Il est dommage que tellement de règles différentes aient été imposées à Françoise CHANDERNAGOR, comme celle p. ex. de ne prendre que des poétesses nées avant 1939 ce qui a eu pour mauvaise conséquence de faire «disparaître» de la sélection des femmes poètes (comme p. ex. Lydie DATTAS (*1949) ici sur CL : http://www.critiqueslibres.com/i.php/vauteur/20116), qui pourtant mériteraient d'être plus connues. D’ailleurs, en passant, si c’est de la poésie francophone, je ne comprends pas trop l’excuse de Mme. CHANDERNAGOR de sélectionner la poétesse grecque Sappho et de dire qu'elle figure dans cette anthologie : "parce que «femme du VII S. avant J.-C.elle est la première poétesse connue et comme telle, la sainte patronne de toutes celles qui ont suivi"? Un peu court comme explication, non?

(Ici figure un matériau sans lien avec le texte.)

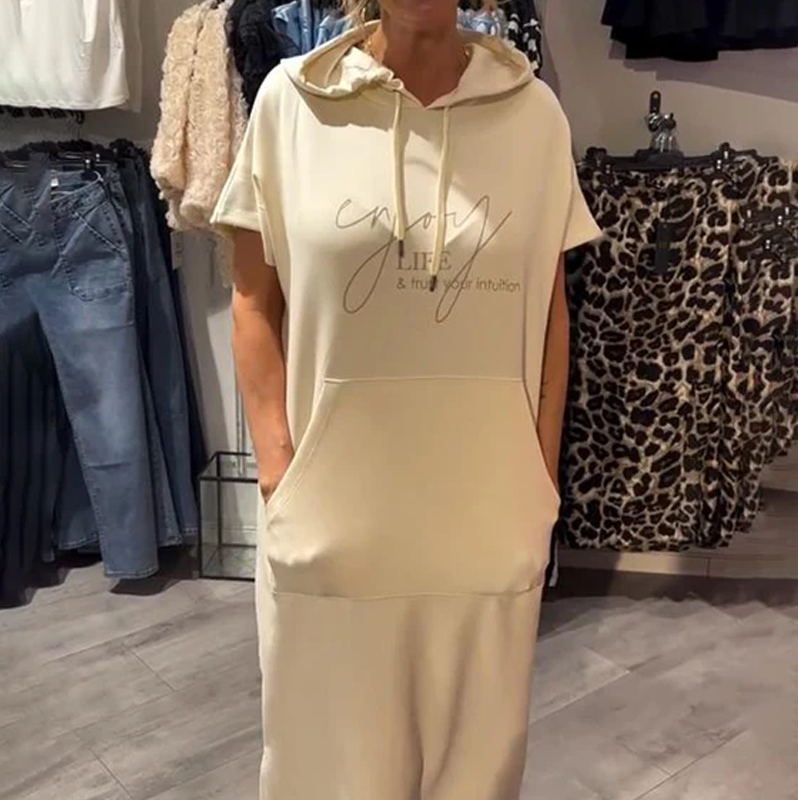 🎁2026 New Arrivals 49% OFF💥Women’s Solid Short-Sleeve Hooded Long Dress💐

J’ai été par contre très agréablement surpris et heureux d’avoir retrouvé certaines «connaissances» de longue date, injustement rangées dans les poètes mineurs, alors qu’elles sont des poètes de première grandeur comme la luxembourgeoise Anise KOLTZ (*1928 Prix Goncourt de la poésie 2018), la belge Liliane WOUTERS (1930-2016 Prix Goncourt de la poésie 2000), la franco-libanaise Vénus KHOURY-GHATA (*1937 Prix Goncourt de la poésie 2011), ou encore la française Andrée CHEDID (1920-2011 Prix Goncourt de la poésie 2002)…

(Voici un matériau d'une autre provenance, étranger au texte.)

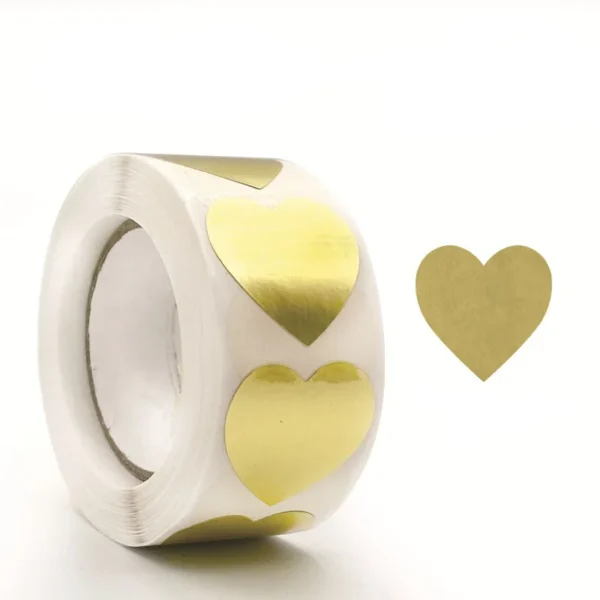 Pegatinas doradas en forma de corazón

Rien de plus à ajouter, si ce n'est qu'il s'agit ici, sans aucun doute une anthologie à découvrir…

Je dois bien sûr avouer qu'il m'est difficile de choisir une seule poésie pour illustrer plus de neuf siècles de poésies, - exclusivement féminines, exclusivement d’amour -, mais, voici «Chanson», une poésie de celle qui est considérée comme la première des «troubadouresses » : Béatriz De DIE (1135-1189) :

Grande peine m’est advenue
Pour un chevalier que j’ai eu.
Je veux qu’en tous les temps l’on sache
Avec quel excès je l’aimais.
À présent me voilà trahie.
Car je lui refusais ma foi.
J’étais pourtant en grand’folie,
Au lit comme toute vêtue !

Combien voudrais mon chevalier
Tenir un soir en mes bras nus !
Pour lui seul – il serait comblé –
Je ferais coussin de mes hanches.
Car j’en suis plus enamourée
Que ne fut Flore de Blanchefleur,
Mon cœur lui donne, et mon amour,
Mon âme, mes yeux, et ma vie.

Bel ami, chantant et plaisant,
Si retombez en mon pouvoir,
Et qu’avec vous je couche un soir
En vous donnant baisers d’amour,
Sachez quel grand plaisir j’aurais
De vous en place de mari
Pourvu que me donniez promesse
De tout faire à mon bon vouloir.

(trad. Georges RIBEMONT-DESSAIGNES, revue par Françoise CHANDERNAGOR.)